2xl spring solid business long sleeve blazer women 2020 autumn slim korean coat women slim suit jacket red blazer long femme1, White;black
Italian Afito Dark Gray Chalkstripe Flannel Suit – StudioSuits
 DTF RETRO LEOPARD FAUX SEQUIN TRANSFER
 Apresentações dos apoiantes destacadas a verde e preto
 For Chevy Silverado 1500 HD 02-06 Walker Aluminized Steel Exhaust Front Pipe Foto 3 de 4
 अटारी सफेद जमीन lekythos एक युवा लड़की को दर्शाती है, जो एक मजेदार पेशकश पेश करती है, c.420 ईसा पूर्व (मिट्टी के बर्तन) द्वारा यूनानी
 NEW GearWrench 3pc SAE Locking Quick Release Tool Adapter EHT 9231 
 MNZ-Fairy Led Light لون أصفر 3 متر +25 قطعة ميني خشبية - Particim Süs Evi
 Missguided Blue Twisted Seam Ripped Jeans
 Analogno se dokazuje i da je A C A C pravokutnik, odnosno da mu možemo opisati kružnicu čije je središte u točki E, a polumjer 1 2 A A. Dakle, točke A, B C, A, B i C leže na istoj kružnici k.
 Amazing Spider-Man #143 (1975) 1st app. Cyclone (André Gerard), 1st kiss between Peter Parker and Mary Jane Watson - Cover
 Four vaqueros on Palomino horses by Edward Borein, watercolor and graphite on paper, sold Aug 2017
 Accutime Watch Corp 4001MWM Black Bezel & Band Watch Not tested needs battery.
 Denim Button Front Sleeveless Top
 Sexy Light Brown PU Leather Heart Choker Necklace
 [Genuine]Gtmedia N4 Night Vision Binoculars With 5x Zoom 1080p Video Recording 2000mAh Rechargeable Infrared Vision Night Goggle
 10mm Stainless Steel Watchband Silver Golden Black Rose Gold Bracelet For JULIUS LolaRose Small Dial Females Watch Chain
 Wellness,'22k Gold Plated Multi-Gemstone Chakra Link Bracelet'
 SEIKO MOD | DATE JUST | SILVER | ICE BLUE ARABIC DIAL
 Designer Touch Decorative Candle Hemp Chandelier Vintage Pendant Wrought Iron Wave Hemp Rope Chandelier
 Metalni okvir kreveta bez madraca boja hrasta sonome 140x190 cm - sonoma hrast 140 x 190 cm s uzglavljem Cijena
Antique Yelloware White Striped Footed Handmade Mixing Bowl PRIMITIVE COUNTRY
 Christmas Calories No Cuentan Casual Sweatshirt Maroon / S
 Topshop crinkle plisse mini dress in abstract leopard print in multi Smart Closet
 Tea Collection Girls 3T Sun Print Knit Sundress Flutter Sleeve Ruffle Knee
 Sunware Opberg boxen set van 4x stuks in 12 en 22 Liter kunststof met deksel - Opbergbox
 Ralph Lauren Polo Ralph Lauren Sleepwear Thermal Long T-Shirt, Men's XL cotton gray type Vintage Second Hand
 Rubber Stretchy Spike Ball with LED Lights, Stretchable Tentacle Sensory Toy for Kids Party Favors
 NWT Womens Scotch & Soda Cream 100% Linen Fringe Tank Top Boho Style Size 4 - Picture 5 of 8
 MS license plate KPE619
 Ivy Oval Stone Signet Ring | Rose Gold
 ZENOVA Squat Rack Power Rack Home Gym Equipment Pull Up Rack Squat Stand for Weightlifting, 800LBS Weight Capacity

- What you have to do: Your response should consist of the listing, reproduced exactly.

- Solution to this problem:
2xl spring solid business long sleeve blazer women 2020 autumn slim korean coat women slim suit jacket red blazer long femme1, White;black
Italian Afito Dark Gray Chalkstripe Flannel Suit – StudioSuits
 DTF RETRO LEOPARD FAUX SEQUIN TRANSFER
 Apresentações dos apoiantes destacadas a verde e preto
 For Chevy Silverado 1500 HD 02-06 Walker Aluminized Steel Exhaust Front Pipe Foto 3 de 4
 अटारी सफेद जमीन lekythos एक युवा लड़की को दर्शाती है, जो एक मजेदार पेशकश पेश करती है, c.420 ईसा पूर्व (मिट्टी के बर्तन) द्वारा यूनानी
 NEW GearWrench 3pc SAE Locking Quick Release Tool Adapter EHT 9231 
 MNZ-Fairy Led Light لون أصفر 3 متر +25 قطعة ميني خشبية - Particim Süs Evi
 Missguided Blue Twisted Seam Ripped Jeans
 Analogno se dokazuje i da je A C A C pravokutnik, odnosno da mu možemo opisati kružnicu čije je središte u točki E, a polumjer 1 2 A A. Dakle, točke A, B C, A, B i C leže na istoj kružnici k.
 Amazing Spider-Man #143 (1975) 1st app. Cyclone (André Gerard), 1st kiss between Peter Parker and Mary Jane Watson - Cover
 Four vaqueros on Palomino horses by Edward Borein, watercolor and graphite on paper, sold Aug 2017
 Accutime Watch Corp 4001MWM Black Bezel & Band Watch Not tested needs battery.
 Denim Button Front Sleeveless Top
 Sexy Light Brown PU Leather Heart Choker Necklace
 [Genuine]Gtmedia N4 Night Vision Binoculars With 5x Zoom 1080p Video Recording 2000mAh Rechargeable Infrared Vision Night Goggle
 10mm Stainless Steel Watchband Silver Golden Black Rose Gold Bracelet For JULIUS LolaRose Small Dial Females Watch Chain
 Wellness,'22k Gold Plated Multi-Gemstone Chakra Link Bracelet'
 SEIKO MOD | DATE JUST | SILVER | ICE BLUE ARABIC DIAL
 Designer Touch Decorative Candle Hemp Chandelier Vintage Pendant Wrought Iron Wave Hemp Rope Chandelier
 Metalni okvir kreveta bez madraca boja hrasta sonome 140x190 cm - sonoma hrast 140 x 190 cm s uzglavljem Cijena
Antique Yelloware White Striped Footed Handmade Mixing Bowl PRIMITIVE COUNTRY
 Christmas Calories No Cuentan Casual Sweatshirt Maroon / S
 Topshop crinkle plisse mini dress in abstract leopard print in multi Smart Closet
 Tea Collection Girls 3T Sun Print Knit Sundress Flutter Sleeve Ruffle Knee
 Sunware Opberg boxen set van 4x stuks in 12 en 22 Liter kunststof met deksel - Opbergbox
 Ralph Lauren Polo Ralph Lauren Sleepwear Thermal Long T-Shirt, Men's XL cotton gray type Vintage Second Hand
 Rubber Stretchy Spike Ball with LED Lights, Stretchable Tentacle Sensory Toy for Kids Party Favors
 NWT Womens Scotch & Soda Cream 100% Linen Fringe Tank Top Boho Style Size 4 - Picture 5 of 8
 MS license plate KPE619
 Ivy Oval Stone Signet Ring | Rose Gold
 ZENOVA Squat Rack Power Rack Home Gym Equipment Pull Up Rack Squat Stand for Weightlifting, 800LBS Weight Capacity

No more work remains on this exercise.